Image-text web data
- - - - - - -
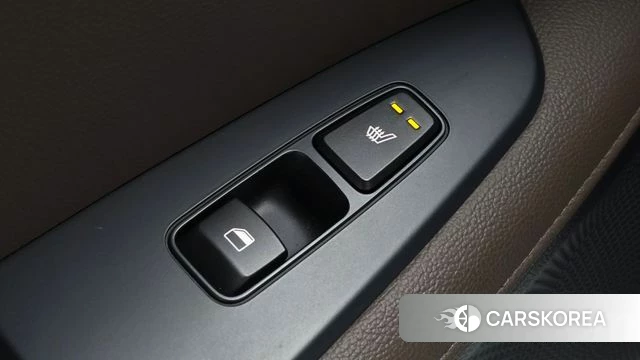 Kia Come New K3 id 4993560 из Кореи 27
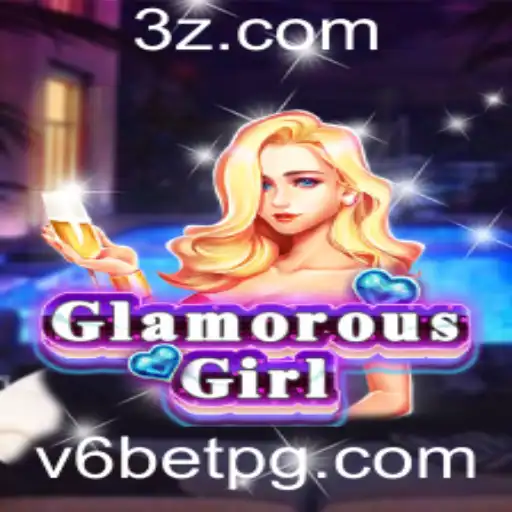 GlamorousGirl: Uma Jogada Fashion na Versão v6 Bet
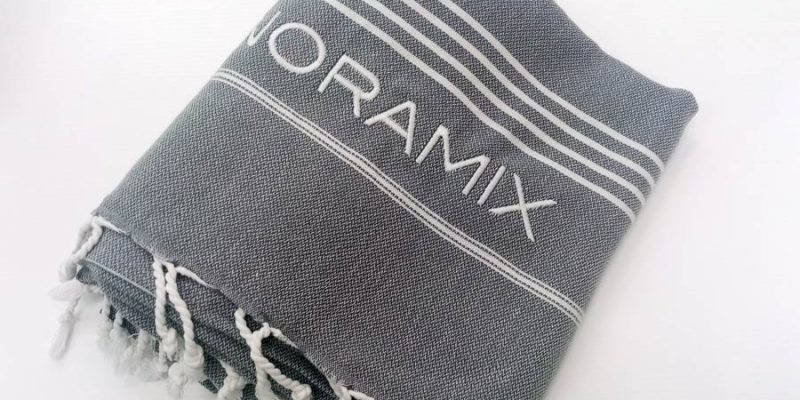 signo-textil-bordados-toallas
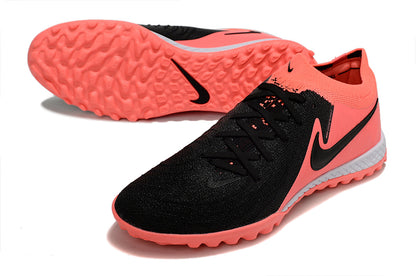 GX 2 Low-Cut Knit TF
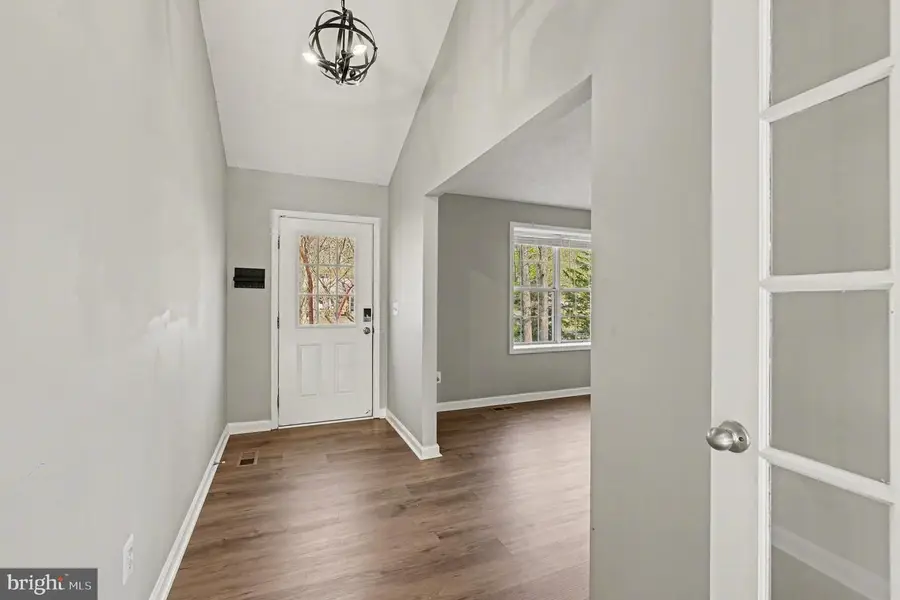 627 Mt Pleasant Dr, Locust Grove, VA 22508 - #2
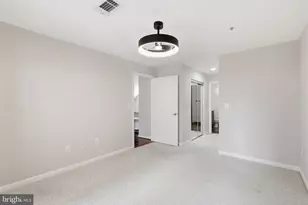 12000 Market St, Reston, VA 20190 - Photo 25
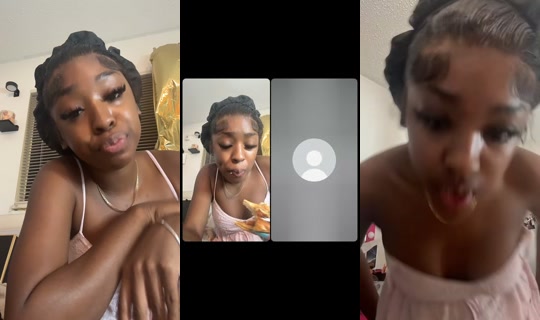 myprivate.lyfeee TikTok Live — Oct 8, 2026, 12:14 AM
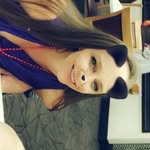 Heather Ann - @heatherfarthing - Instagram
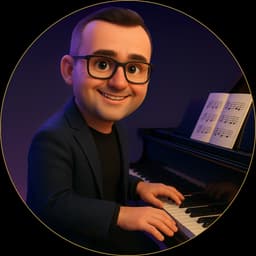 Logo Pan Akompaniator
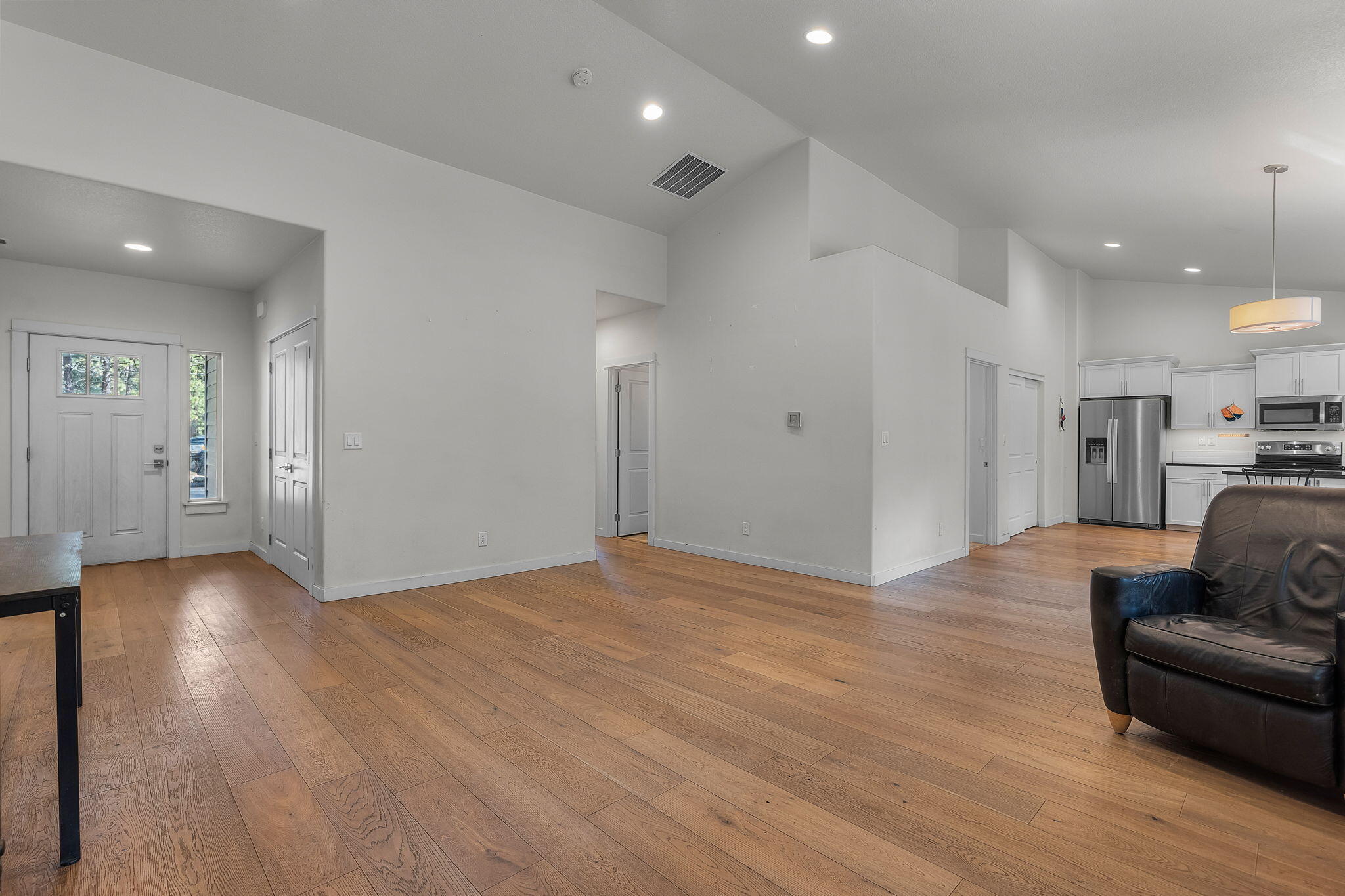 60055 Turquoise Road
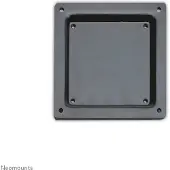Newstar VESA-adapter Geschikt voor serie: Universeel Zwart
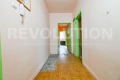 Продава  Многостаен град София , Лозенец , 117 кв.м | 44259387 - изображение [14]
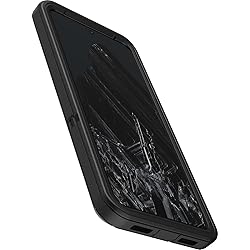 OtterBox Google Pixel 8 Pro Defender Series Case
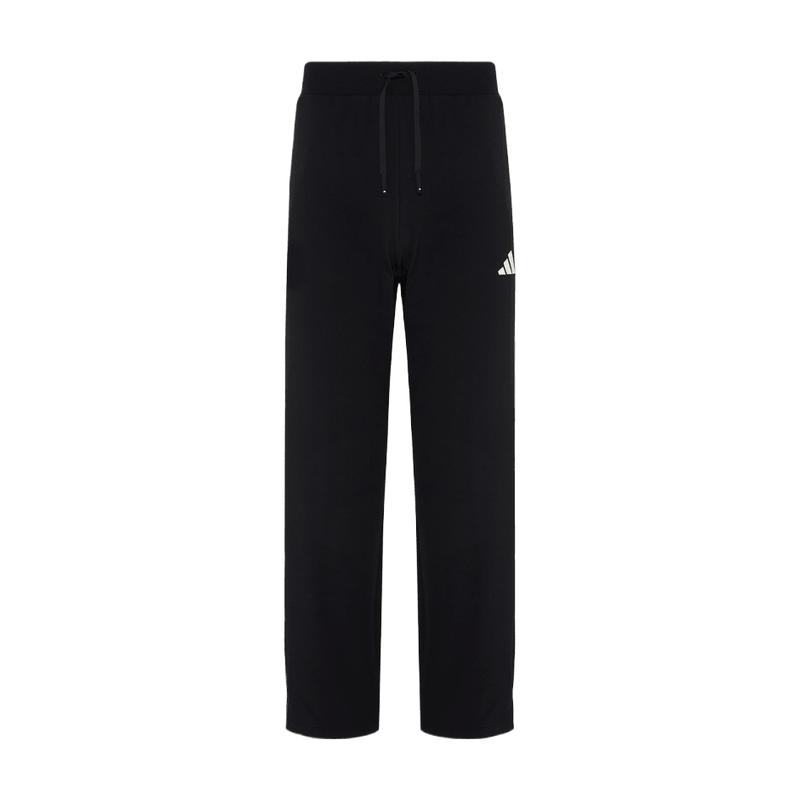 【自营】adidas阿迪达斯ST 3ST KN TP男子运动休闲卫裤长裤KX0479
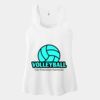 Women's V.I.T. Racerback Tank Thumbnail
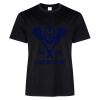 EVERYDAY RING SPUN COTTON TEE Thumbnail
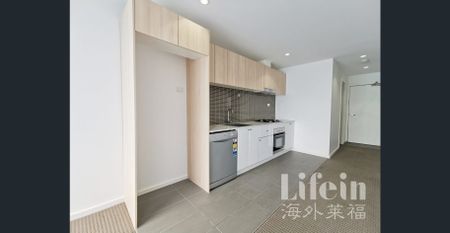 Private inspections by appointment – Modern 2-Bed Apartment Near Monash University – Prime Clayton Location - Photo 3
- - - - - - -
What you will do => Your copy must hold every record above in its exact wording and must hold no pictures.

Answer box =>
 Kia Come New K3 id 4993560 из Кореи 27
 GlamorousGirl: Uma Jogada Fashion na Versão v6 Bet
 signo-textil-bordados-toallas
 GX 2 Low-Cut Knit TF
 627 Mt Pleasant Dr, Locust Grove, VA 22508 - #2
 12000 Market St, Reston, VA 20190 - Photo 25
 myprivate.lyfeee TikTok Live — Oct 8, 2026, 12:14 AM
 Heather Ann - @heatherfarthing - Instagram
 Logo Pan Akompaniator
 60055 Turquoise Road
Newstar VESA-adapter Geschikt voor serie: Universeel Zwart
 Продава  Многостаен град София , Лозенец , 117 кв.м | 44259387 - изображение [14]
 OtterBox Google Pixel 8 Pro Defender Series Case
 【自营】adidas阿迪达斯ST 3ST KN TP男子运动休闲卫裤长裤KX0479
 Women's V.I.T. Racerback Tank Thumbnail
 EVERYDAY RING SPUN COTTON TEE Thumbnail
 Private inspections by appointment – Modern 2-Bed Apartment Near Monash University – Prime Clayton Location - Photo 3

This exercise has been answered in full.